Starting at the line below holding "Bisky Bats and" and stopping at the line holding "Pennsylvania Art Contributions: State", print every line exactly, both ends included, and leave the rest out.

DATA FOR THIS TASK:
·····

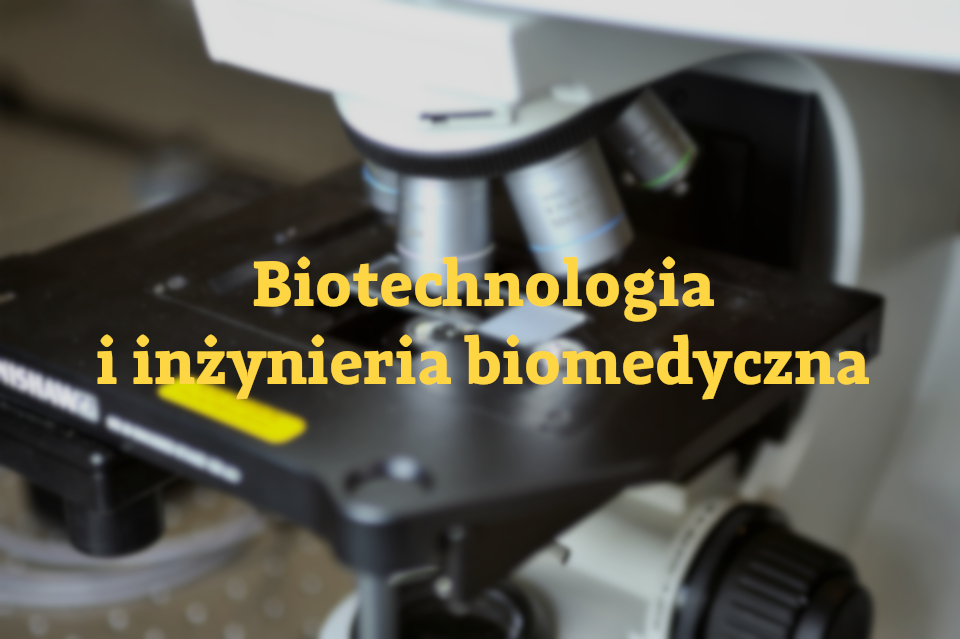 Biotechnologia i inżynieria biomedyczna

·····

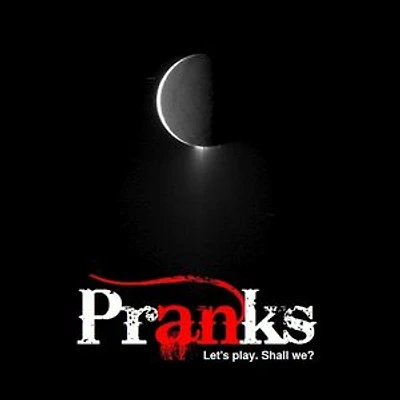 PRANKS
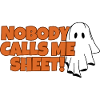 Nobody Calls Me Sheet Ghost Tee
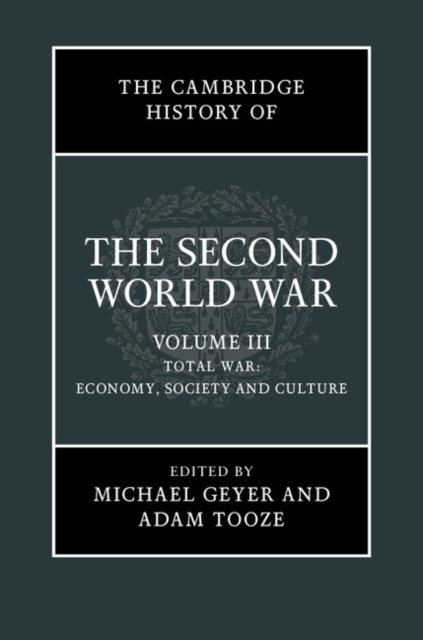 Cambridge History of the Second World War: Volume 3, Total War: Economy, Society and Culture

·····

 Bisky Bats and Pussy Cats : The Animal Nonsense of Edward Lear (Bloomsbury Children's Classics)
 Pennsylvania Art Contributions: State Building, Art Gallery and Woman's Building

·····

RESPONSE TO THIS TASK:
 Bisky Bats and Pussy Cats : The Animal Nonsense of Edward Lear (Bloomsbury Children's Classics)
 Pennsylvania Art Contributions: State Building, Art Gallery and Woman's Building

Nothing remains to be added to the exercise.